Но такое невозможно. Если колыбельная начинает для кого-то звучать, то она уже не может затихнуть. Не может вернуться обратно в тишину, отменяя тем самым уже предрешенную близкую смерть.
И тем не менее она затихла.
Мир вокруг как будто резко уплотняется, и Вера снова видит себя на привычном, вовсе не выросшем до неба холме крылатой коровы посреди цветущего летнего дня. Воздух тяжелеет, набирает в себя сладкие августовские вкусы и одновременно предосеннюю свежесть. Беспрепятственно стелется живым неудержимым дуновением.
Вера думает, что ей всегда так хотелось примирить непримиримое, совместить в одной реальности две несовместимые жизни – свою и Коршунова. Так хотелось надеяться на чудо, способное это осуществить, несмотря на логику, на природу вещей, на неумолимые законы времени. Но такого чуда не произошло. В реальности по-прежнему оставалось одно-единственное место, которое могло принадлежать либо ей, либо Митеньке. Но никак не им обоим.

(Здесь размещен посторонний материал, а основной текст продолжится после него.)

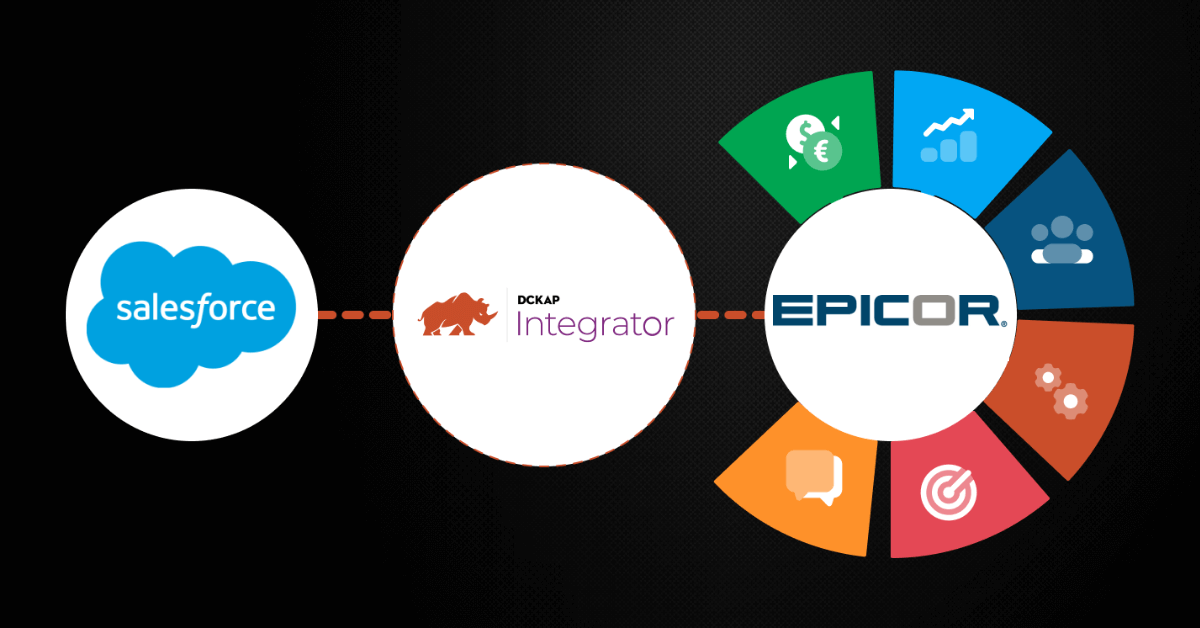 Salesforce and Epicor Integration via DCKAP Integrator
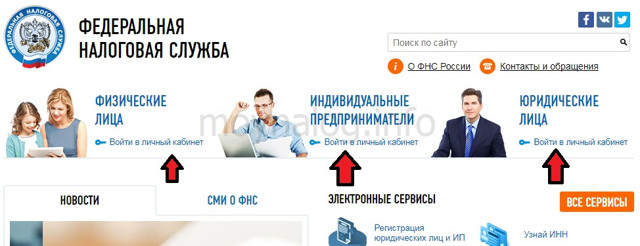 Личный кабинет налогоплательщика юридического лица на сайте фнс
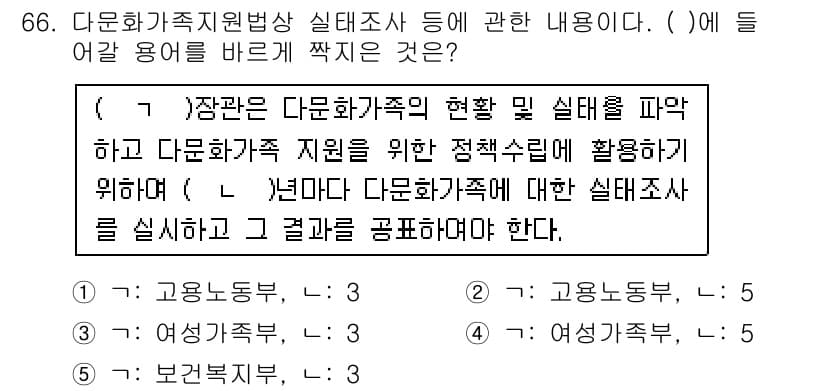 사회복지사_1급(3교시)(구) 2017년 66번 - 정답과 핵심 포인트를 검수 중인 기출문제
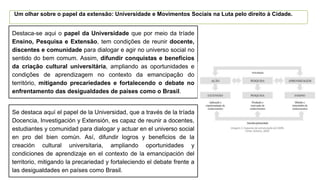 Destaca-se aqui o papel da Universidade que por meio da tríade
Ensino, Pesquisa e Extensão, tem condições de reunir docente,
discentes e comunidade para dialogar e agir no universo social no
sentido do bem comum. Assim, difundir conquistas e benefícios
da criação cultural universitária, ampliando as oportunidades e
condições de aprendizagem no contexto da emancipação do
território, mitigando precariedades e fortalecendo o debate no
enfrentamento das desigualdades de países como o Brasil.
Um olhar sobre o papel da extensão: Universidade e Movimentos Sociais na Luta pelo direito à Cidade.
Se destaca aquí el papel de la Universidad, que a través de la tríada
Docencia, Investigación y Extensión, es capaz de reunir a docentes,
estudiantes y comunidad para dialogar y actuar en el universo social
en pro del bien común. Así, difundir logros y beneficios de la
creación cultural universitaria, ampliando oportunidades y
condiciones de aprendizaje en el contexto de la emancipación del
territorio, mitigando la precariedad y fortaleciendo el debate frente a
las desigualdades en países como Brasil.
 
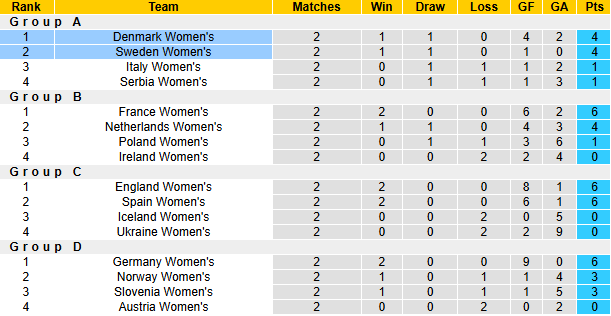 Nhận định, soi kèo Nữ Thụy Điển vs Nữ Đan Mạch, 0h00 ngày 15/4: Chiếm ngôi đầu bảng - Ảnh 5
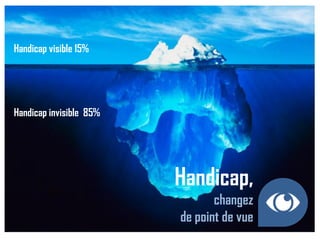 Handicap,
changez
de point de vue
Handicap visible 15%
Handicap invisible 85%
 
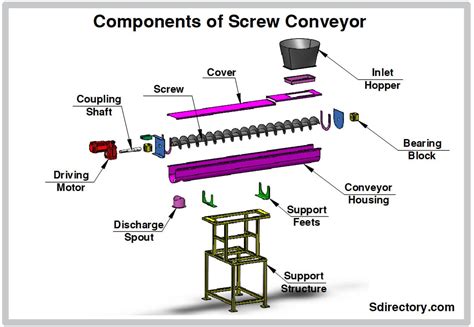 gear motor for screw conveyor|screw conveyor parts diagram.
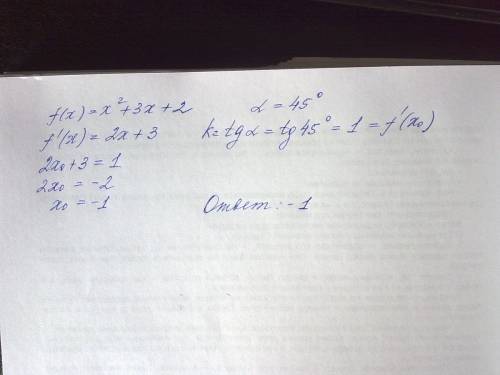 Кграфику функции f(х)=х^2+3х+2 проведена касательная. найдите абсциссу точки касания, если касательн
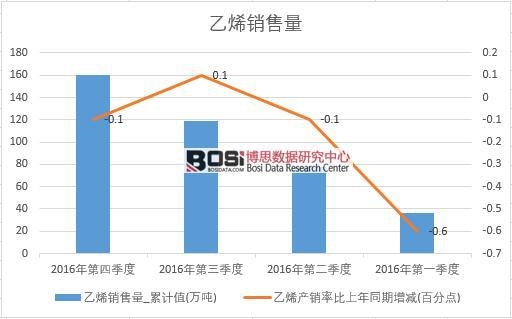 2016���Ї���ϩ�N�������ȽyӋ��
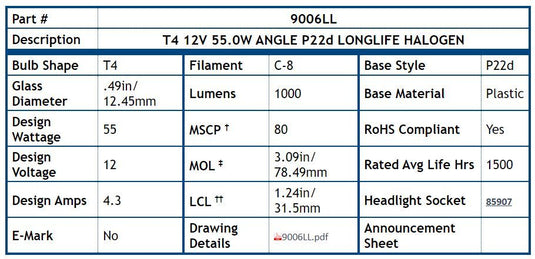 9006LL, T4, Long-Life 55 Watt Headlight Bulb - Application Specific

Зато произошло другое чудо.
Необратимое разрушение внутри человеческого тела внезапно остановилось. Настойчивая, равнодушно подступающая смерть неожиданно повернула вспять. Отступила перед заявленными врачебными мерами, перед готовностью вмешаться в ее планы. И переливчатые звуки пираньевой колыбельной угасли, растворились в нестрашной, успокоительной тишине.
Никакого логического объяснения этому чуду нет. Как, впрочем, и любому другому чуду. Как и самой колыбельной, время от времени звучащей в Вериной голове. И предупреждающей о близости смерти, которую, как выясняется, порой еще можно отвратить.
Логичность стремительно отступает куда-то очень далеко, в чужеродное пространство, невидимое с холма крылатой коровы. А вместе с ней отступает и сама необходимость в поиске связных, рациональных объяснений происходящему. Остаются лишь теплое трепещущее изумление перед чудом и робкое ощущение сопричастности.
Вера машинально комкает в кармане конверт. Растревоженный, напитанный летними ароматами воздух ложится на нее всей тяжестью, напористо прижимает ее к земле. Словно заставляет остро почувствовать собственную телесность. И внутри Веры все постепенно наливается непривычным ощущением собственной правомерности, оправданности своего гулко стучащего сердца.